What follows are reflections from between January to March 2018. The growing season begins at the end of March. The appearance of this post looks more like one of the first blog posts I did years ago where date referances feel mixed up. This is because I write over a span of time; rather than just on one day.
What about First half of this last winter!?
This last winter was really odd. Not much snow, and the garden was frequently uncovered by solar warming! To add insult to injury ... the tarp that was purchased last fall seem to have been a little too effective in holding the fall rains out of the garden before they turned to ice to destroy plants that were settling in for winter. The end effects of both tarp and absence of winter snow will be seen this spring. Beyond that there has not even been enough snow to really shovel at any given point! The raised bed generally has 1 foot of snow on top of it by the time spring comes.
Last fall I speculated that Faithful Heart, and Kifukurin Ko Mama were probably at the greatest risk not to surviving this last winter. Not because they are small hostas but simply because they had been planted into the garden last year for their first season in being in the growing space. Hosta Popcorn is also in the same category, but what makes that different is that the rhizome systems on those divided plants looked pretty extensive; I'm putting my confidence behind those three plants.

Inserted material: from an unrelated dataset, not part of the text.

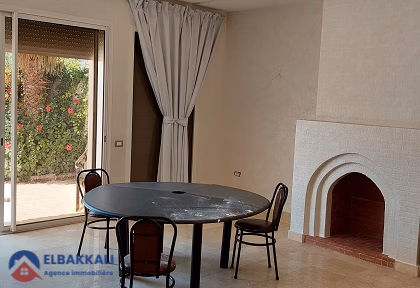 Villa zur Miete mit Pool und drei Etagen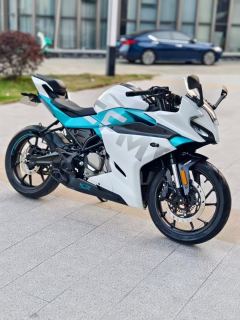 CFMOTO 250SR - photo 1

Every other hosta in that garden has been there for at last two years ... which means they ought to survive the winter of 2017/2018. That includes Itsy Bitsy Spider which was planted back in 2016. So the prediction of survival this year is somewhere between: 17 : 20 [85%] to 20 : 20 [100%]. The later has never been achieved in my garden. Maybe I'm getting close!
What about The last half of this winter!
It's January ... and as I come into the apartment from errands I've started saying "it's 'x' months 'til spiking". I don't think I have done that this early in the year. It feels a little strange. We still have less than 2 inches of snow out there. Later this next week (January 7th to 9th; a three day 'warm spell' ...) we have the January Thaw arriving where the temperatures rise just momentary above freezing and to give the plants below a few drops of water. That's not an unusual thing for Minnesota gardens. I do not panic at this time because the plants ought to be dry enough to take the water in and hopefully not burst or start crown rot. That tarp I put out last fall should have dried out the ground enough to let this moisture happen!

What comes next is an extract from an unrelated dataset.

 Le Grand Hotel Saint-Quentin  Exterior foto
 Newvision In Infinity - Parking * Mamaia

February 16th. Over the course of the winter we have seen 10 in. to 12 in. / 25.40 cm. to 30.48 cm. of snow which has assurd a firm freeze of the hosta this year. This is also the date on which the thawing of the winter begins with temperatures swinging above amd below freezing. That too has begun! So in the end everything seems to be in place for the next stage ... The Spiking.
Hosta normally spike between March 31st to May 30th; at least at this St. Paul, Minnesota location. As you might imagine that's when I hold my breath the most. I am hopeful to reaching that 100% survival this year! They're coming ... They're Coming ... They're coming!
Well maybe ... they're coming!? Here is it April 13 and were about to be hit yet again with EVEN MORE snow, and even some ice (.10 to .20 in./.25 to .51 cm. thick) to go with it this time! The winter has been crazy enough as it is! The long range forecast keeps saying that were going to get a very strong warming trend, and yet the grasp of winter keeps coming back to refute that prediction. The storm coming in has enough attention that I have pulled tarps out for the raised bed, and the loose containers.
I had help from an unexpected friend, B.?. [Minneapolis, MN USA] and he was saying that Surprised By Joy had spiked. Not having the time to actually look it before it was bundled into a tarp I'll take his word (for now). As the evening wore on I wondered if what he saw as a spike that was actually the Growth Gland which hosta produce the year before. When it gets warm enough once again it triggers the rest of the plant to "GROW"! This gland can look like a spike if it becomes over active during its inital growth - if the conditions are 'right'. The growth gland generally stay below the surface of the ground to protect themselves. It would seem that this one is emerging above the surface; and, again, it could easily be mistaken as a spike. I will look a second time at it after the tarp is removed later. May be my friend will be here so we can look together, and more carefully at what he saw.
Frustration over this website
Since about December 1st 2017 i've not been able to upload pages to his site. This is slowly becoming an ongoing frustration. Hoping that this weekend (January 13th and 14th) will shed some light on the problem as a discussion with The host site FatCow.com.
During Mid-January I was finally able to restore the ability to up load page information to this website. Through a a moment of serendipity my roommate and I found a way to have it load in about 1/3 the time. What was an hour's wait is now down to about 20 minutes. Things seem to be better now.
'Tis the season to guess the temperatures
The thawing and freezing of the snow and ice has been on for most of January this year, which in some ways is very unusual in MN. MN generally has frozen weather in January. February and March brings the REAL thawing and freezing which also makes it very hard to walk on some sidewalks and driveways. In about 2 months (April) spring returns to MN! My hosta have been known to spike even before the snow has melted from the raised bed. I can remember at least one year digging snow away from spikes to pamper their growth.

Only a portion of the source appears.